Nominated for a BAFTA and BIFA for his short film “Rite” in 2011, the film went on to win “Best Short” at Rushes Festival, Message2Man and Almeria Film Festival. As a distinguished writer and director Pearce’s personal and cinematic style when approaching complex stories has earned him a reputation as a truly compelling filmmaker. 2014 saw Michael win the “Best Thriller Short” award at the London Short Film Festival for Keeping Up with the Joneses which was also nominated for “Best British Short” by BAFTA.

When did you know you wanted to be a director?
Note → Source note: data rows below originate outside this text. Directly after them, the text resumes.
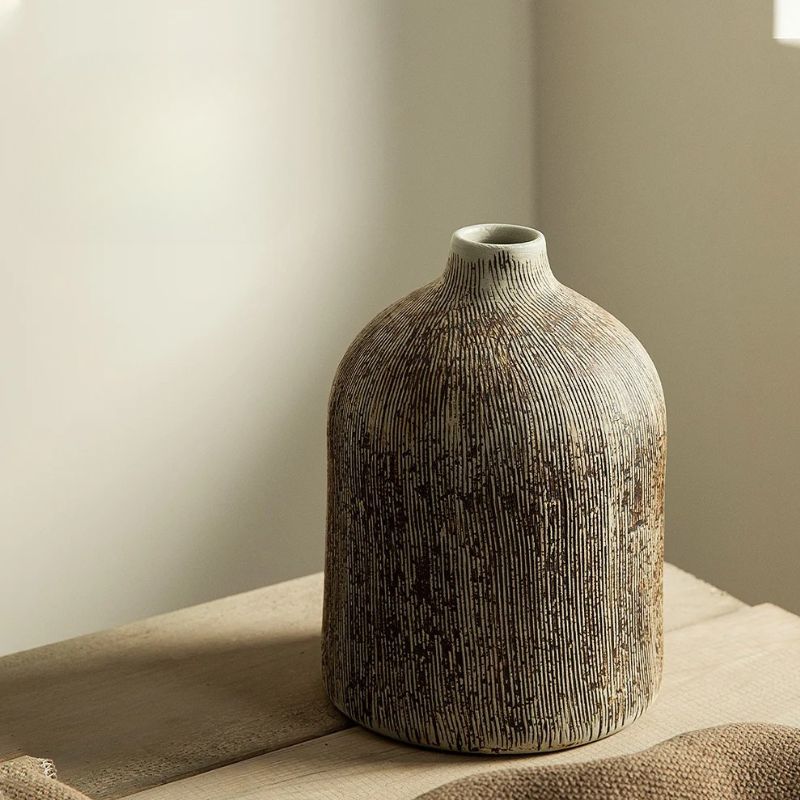 Raffinatezza Orientale con un Vaso Rotondo in Ceramica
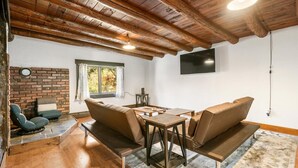 Une pièce chaleureuse avec une cheminée en briques, des poutres apparentes en bois au plafond, un téléviseur fixé au mur et un coin repas avec une table et des bancs.
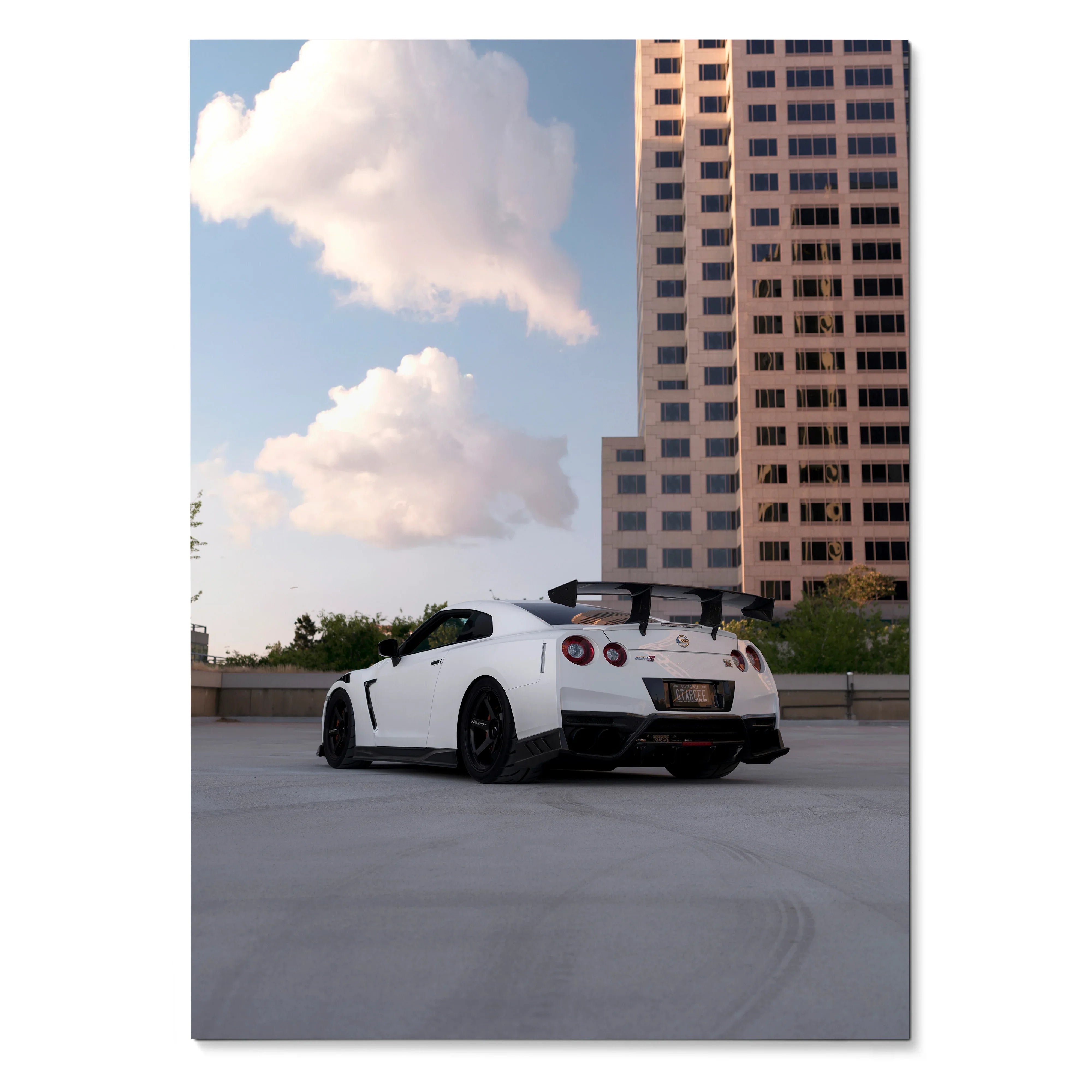 Nissan GTR R35 in white parked on rooftop with city building background poster wall art.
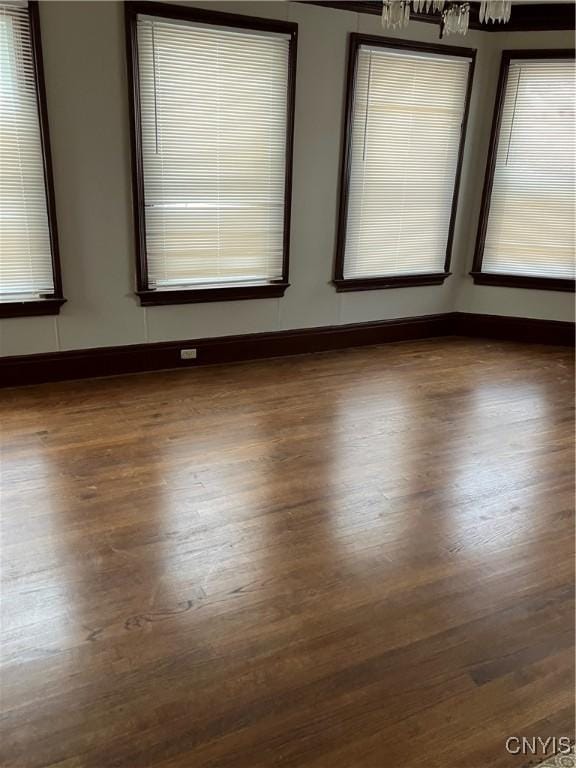 empty room with dark hardwood / wood-style flooring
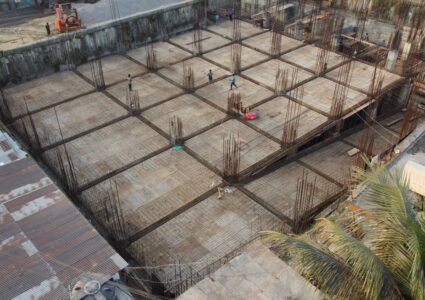 closw onstruction workers at a large building site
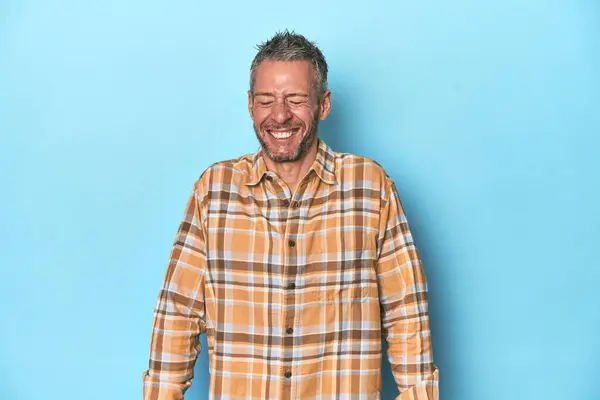 Middle Aged Caucasian Man Blue Backdrop Laughs Closes Eyes Feels — Stock Photo, Image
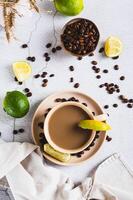 A cup of latte infused with lime on the table top and vertical view photo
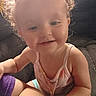 Athena joined the competition — help win amazing prizes! toddler, child, curly_hair, smiling, indoor, couch, person, face, baby_clothing, arm, light, window, tattoo, skin, portrait, happy, closeup, casual, young_child, home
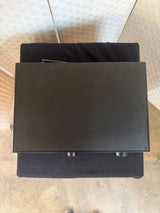 Black rectangular object on a textured surface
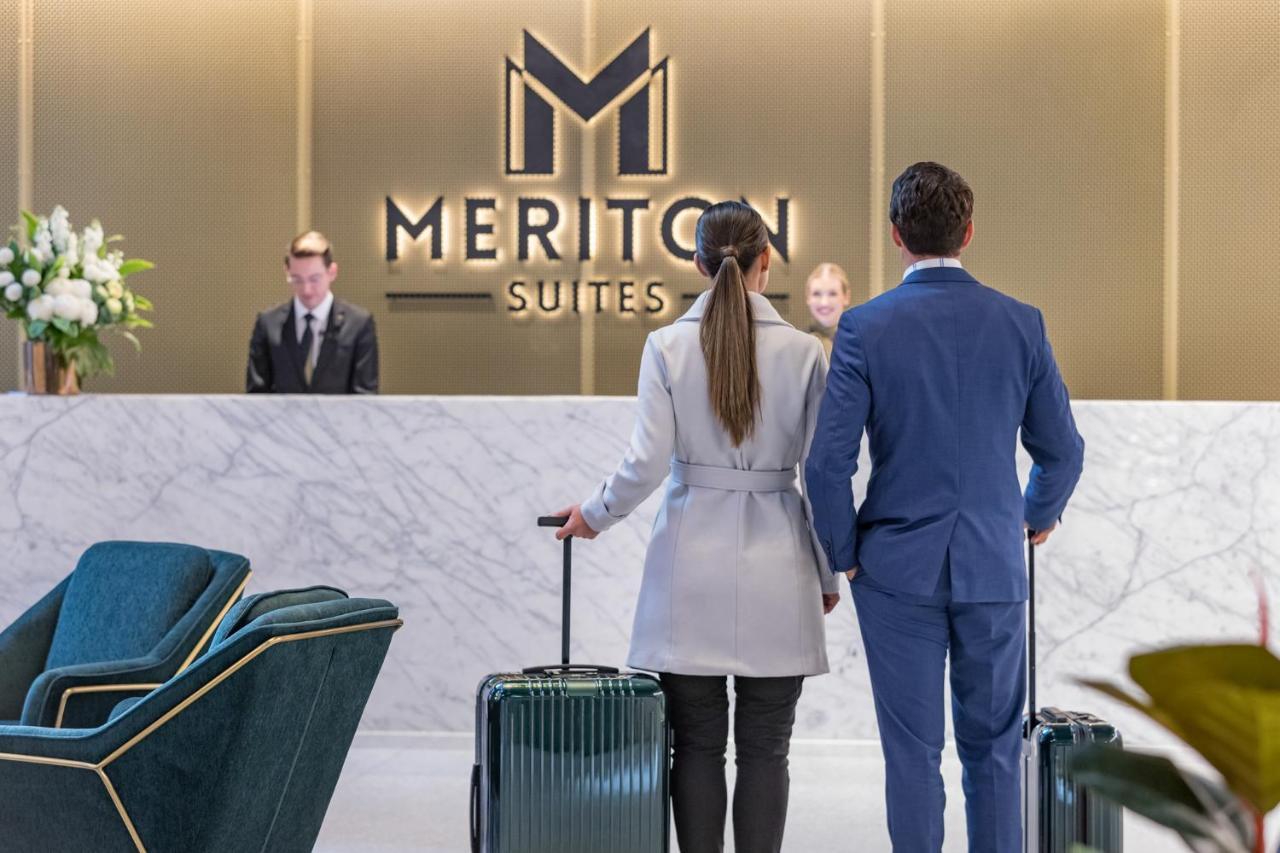 Meriton Suites Sussex Street, Sydney Buitenkant foto The photo shows a couple standing at a reception area in a hotel named "Meriton Suites." They are both facing the reception desk, where staff members are visible. The man is dressed in a suit, and the woman is wearing a light-colored coat. They each 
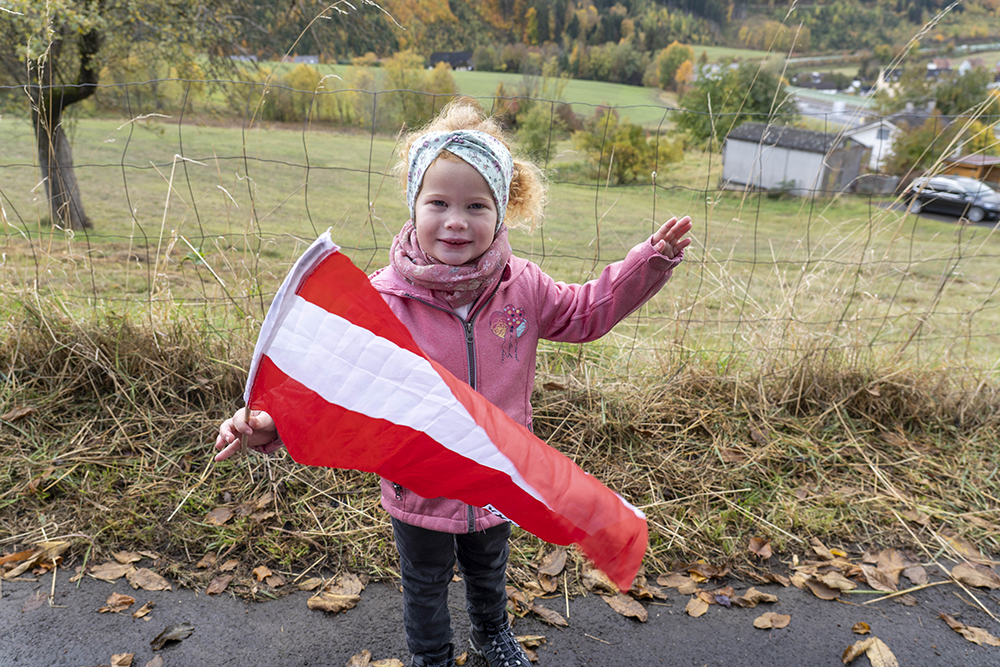 Kleines rothaariges Mädchen mit österreichischer Fahne in der Hand, steht vor einem Weidezaun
As a child I had a vague ambition of wanting to be an artist. I would spend hours drawing pictures and getting lost inside imaginary worlds. I enjoyed movies like any kid, and had certain obsessions – Star Wars, The Lost Boys, Point Break, but never thought much about the people behind the camera or the filmmaking process. When I was 16 I started a two-year art course in Jersey and we were taught in different mediums: painting photography, sculpture, ceramics etc. One assignment was to make a short film and something about the process really intrigued me. It was the year the book ‘Easy Riders, Raging Bulls’ came out, I read it and became swept up in the movies and romance of New Hollywood (which I’m still enchanted by). I started to comprehend that movies weren’t just a form of entertainment but an art form that involved hundreds of creative people working for years to put them together. I watched all the New Hollywood movies I could get my hands on, then I began watching the films that influenced those directors. Seven Samurai came up a lot and I bought a copy for myself for Christmas and watched it when everyone else was asleep. The film blew me away and the experience crystallised my fascination with cinema – I realised that it incorporated aspects of all the other arts I was interested in: photography, painting, sound, music, architecture, literature, performance etc. When the credits rolled I had made up my mind to be a director.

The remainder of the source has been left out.